Anonymous Monk has asked for the wisdom of the Perl Monks concerning the following question:

Hi,
I have two following strings:
my $s1 = "1,0,CTGCCACCGCTGT"; my $s2 = "1,5,ACCGCTGTGTTTCGGCCGGCGA"; #The format show this: sequence_index,string_pos,$string #So the two strings above are in the same sequence 1.
How can I intersect the above two strings so that we obtain:
CTGCCACCGCTGT (s1) ACCGCTGTGTTTCGGCCGGCGA (s2) ******** ACCGCTGT (intersected string) and also to identify the position of the interesected string, in this case 6

Replies are listed 'Best First'.
Re: Intersecting Two Strings
by tinita (Parson) on Aug 22, 2007 at 11:53 UTC

      A quick search of CPAN turns up: String::LCSS, though I've never used it. There were several other hits as well.


      I humbly seek wisdom.
      It seems that OP's problem is an easy special case of the LCS problem. We have one big string S and 2 substrings (seq1, seq2) with known coordinates within S:
      S: CTGCCACCGCTGTGTTTCGGCCGGCGAXXXXXXXXXXXXXXXXXXXXX seq1: CTGCCACCGCTGT (Pos: 0) seq2: ACCGCTGTGTTTCGGCCGGCGA (Pos: 5)
      So it's a trivial O(1) algorithm to calculate the overlap with the substring positions and lengths.
Re: Intersecting Two Strings
by akho (Hermit) on Aug 22, 2007 at 08:44 UTC
    use strict; use warnings; my $start = 'CTGCCACCGCTGT'; my $end = 'ACCGCTGTGTTTCGGCCGGCGA'; my $pos = 0; $pos++ while (!(substr($start, $pos, (length $start) - $pos) eq substr($end, 0, (length $start) - $pos))); print substr($start, $pos, (length $start) - $pos), ' ', $pos+1, "\n";
Re: Intersecting Two Strings
by lima1 (Curate) on Aug 22, 2007 at 11:15 UTC
    You have the coordinates of the subsequences? Then this should work:
    use strict; use warnings; use List::Util qw(min); use Data::Dumper; my $seq1 = { id => 1, start => 0, seq => 'CTGCCACCGCTGT' }; my $seq2 = { id => 1, start => 5, seq => 'ACCGCTGTGTTTCGGCCGGCGA'}; print Dumper [ intersection($seq1, $seq2) ]; sub intersection { # make sure that seq1 is always the first # subsequence my ($seq1, $seq2) = sort {$a->{start} <=> $b->{start} }@_; # determine the start of intersected string ... my $i_start = $seq2->{start} - $seq1->{start}; # ... and the length my $i_length = min(length(substr($seq1->{seq},$i_start)), length($seq2->{seq})); return ($i_start+1, substr($seq2->{seq}, 0, $i_length)); }
Re: Intersecting Two Strings
by BrowserUk (Patriarch) on Aug 23, 2007 at 03:01 UTC

    It seems to me that no searching is required, as all the relevant information already present in the input data.

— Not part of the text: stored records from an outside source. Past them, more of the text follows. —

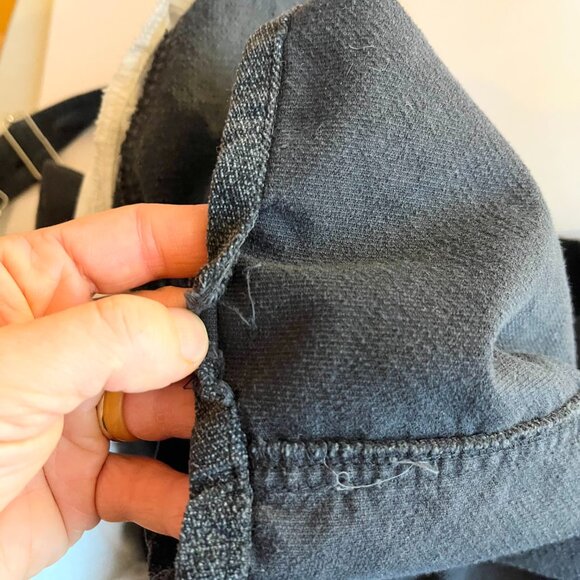 Vintage 90s Crossroads Size L Dark Grey Velvet Overalls Cotton - Picture 7 of 13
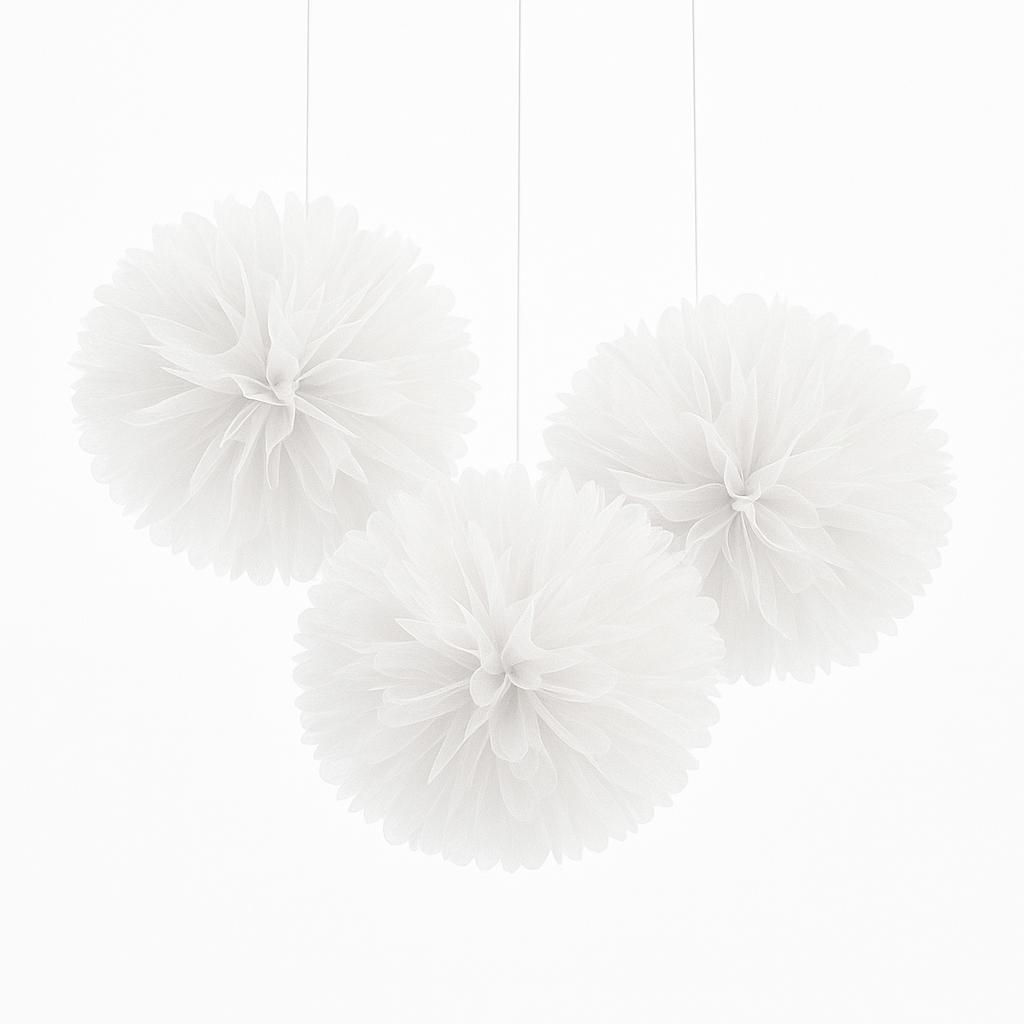 Whimsical White Tulle Fluffy Decorations - 3 Pack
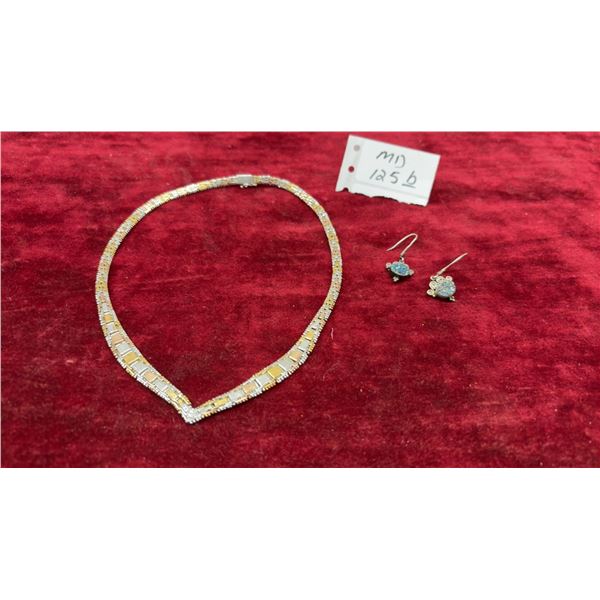 Multi-Tone V-Front Choker Necklace and Sajen Drusy Quartz Earrings, Sterling Silver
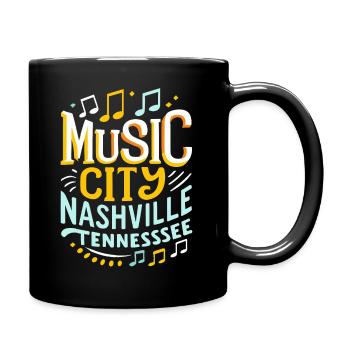 Music City Nashville Tennessee Musiker Geschenk - Tasse einfarbig - Schwarz - Rechts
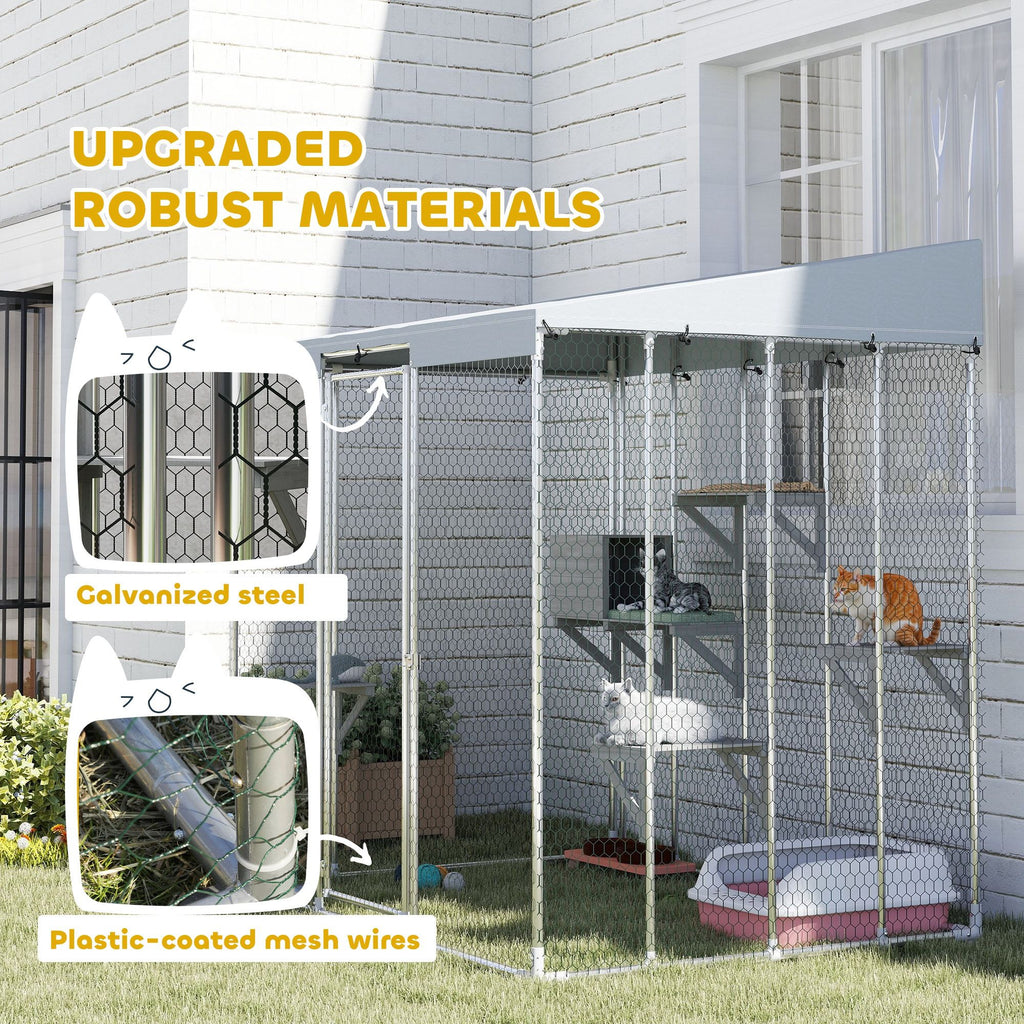 Large 79" Catio with water-ready Canopy and Sleeping Box for 1-3 Cats
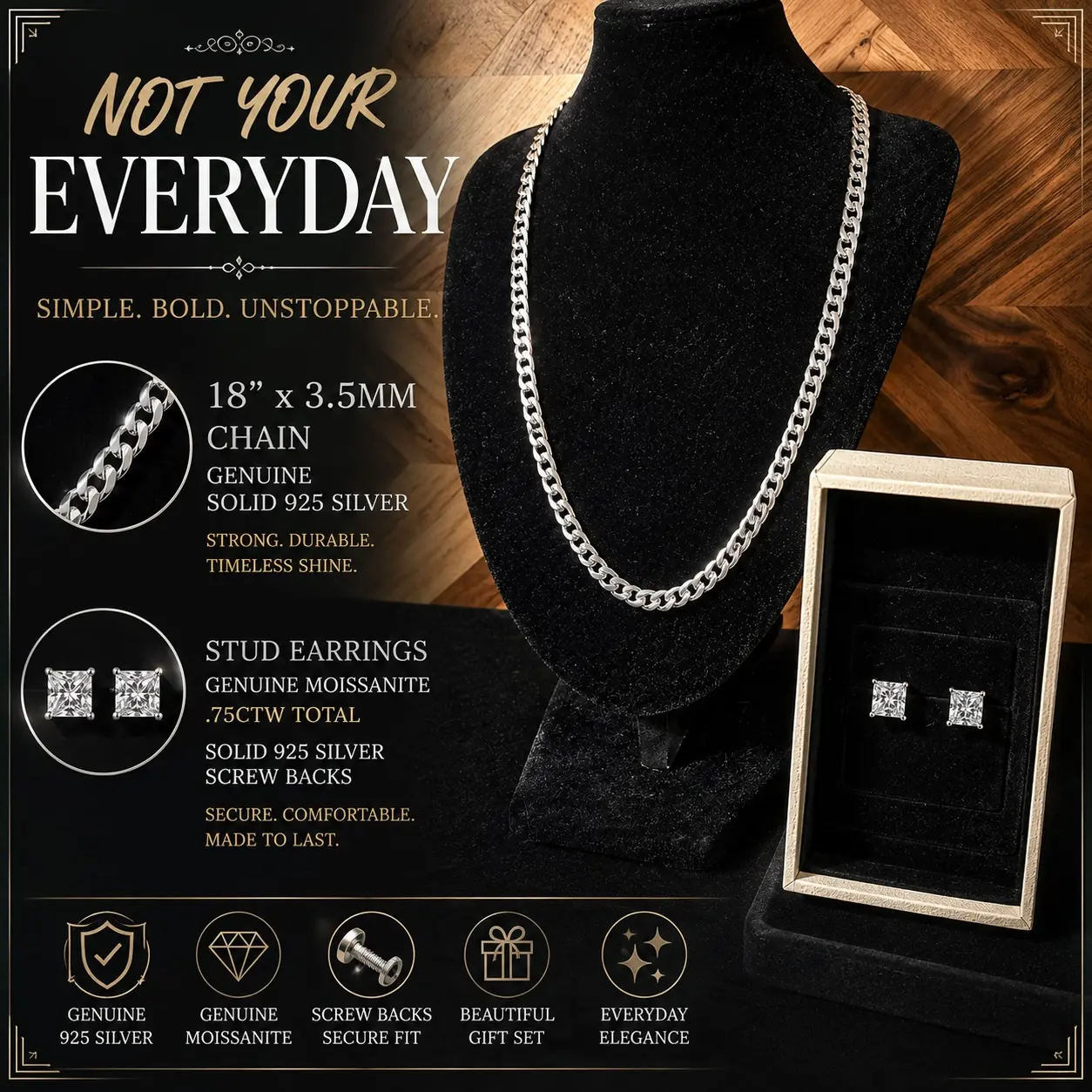 Not Your Everyday Collection: Genuine Moissanite Square Studs and 18" Curb Link Chain in Solid 925 Silver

    A grossly over elaborate coding is:

    #! perl -slw use strict; my $s1 = "1,0,CTGCCACCGCTGT"; my $s2 = "1,5,ACCGCTGTGTTTCGGCCGGCGA"; my @s1 = split ',', $s1; my @s2 = split ',', $s2; if( $s1[0] == $s2[0] ) { if( $s1[1] > $s2[1] ) { my @temp = @s1; @s1 = @s2; @s2 = @temp; } if( $s2[1] < length( $s1 ) ) { ## Updated to correct the error pointed out by Lima1++ below my $l1 = length( $s1[2] ) - $s1[1] - $s2[1]; my $l2 = length( $s2[2] ); $l1 = $l2 if $l2 < $l1; print "The intersection between the strings:\n", $s1[2], "\n", ' ' x ( $s2[1] - $s1[1] ), $s2[2], "\nis\n", ' ' x $s2[1], substr $s1[2], $s2[1] - $s1[1], $l1; ; print "\nand it occurs at a 1-based offset into the sequence o +f ", $s2[1] + 1; } else { print "The strings do not intersect"; } } else { print 'Strings are not from the same sequence'; } __END__ c:\test>junk The intersection between the strings: CTGCCACCGCTGT ACCGCTGTGTTTCGGCCGGCGA is ACCGCTGT and it occurs at a 1-based offset into the sequence of 6

    The bits you are probably interested in are

    1. The bit to extract the overlap:
      substr $s1[2], $s2[ 1 ] - $s1[ 1 ], length( $s1[2] ) - $s1[1] - $s2[1] +;
    2. And the bit to calculate the 1-based offset:
      $s2[1] + 1;

    but they won't work correctly unless you split the input strings into their constituant parts and ensure that the first is the 'lesser' of the two.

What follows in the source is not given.